┌──

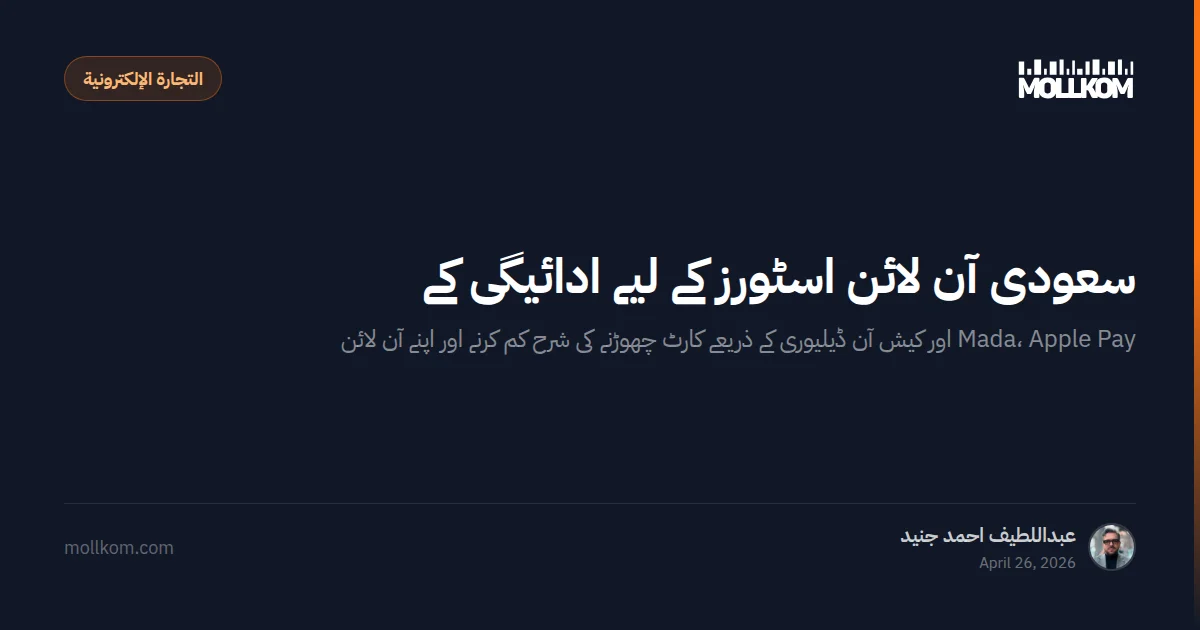 سعودی آن لائن اسٹورز کے لیے ادائیگی کے عمل کو بہتر بنانا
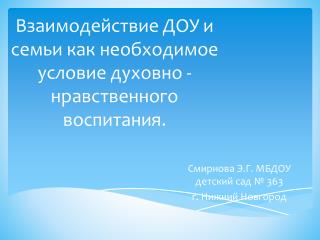 Взаимодействие ДОУ и семьи как необходимое условие духовно - нравственного воспитания.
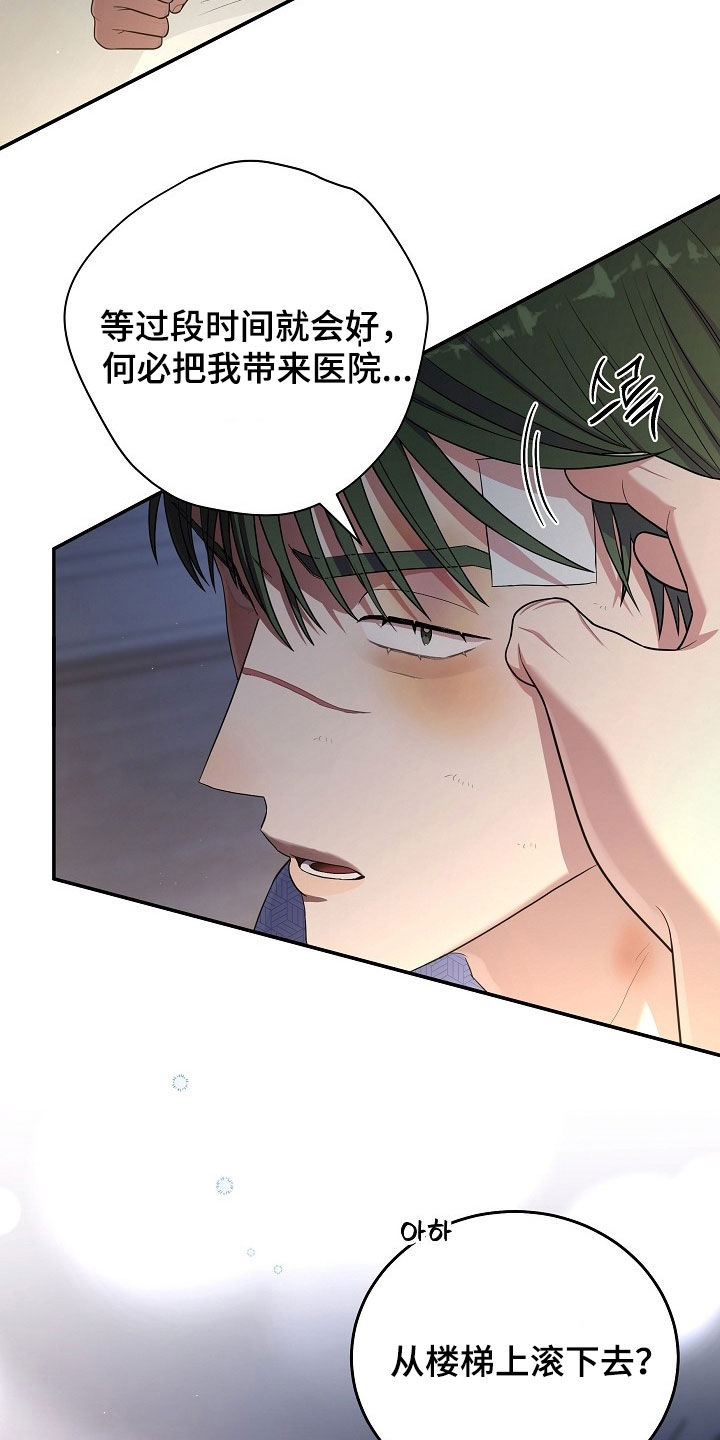 异热共生漫画,第101章：撒谎3图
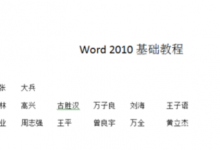 分享Word制表位怎么用（word制表位怎么用厘米）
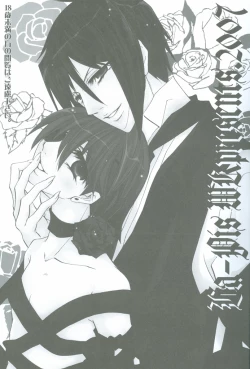 Page 4 of Hakoniwa Yuugi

└──

Start at the line that contains "Взаимодействие ДОУ и" and retype every line through the end of the entries above, both ends included. Exclude all pictures.

### Reply:
 Взаимодействие ДОУ и семьи как необходимое условие духовно - нравственного воспитания.
 异热共生漫画,第101章：撒谎3图
 分享Word制表位怎么用（word制表位怎么用厘米）
 Page 4 of Hakoniwa Yuugi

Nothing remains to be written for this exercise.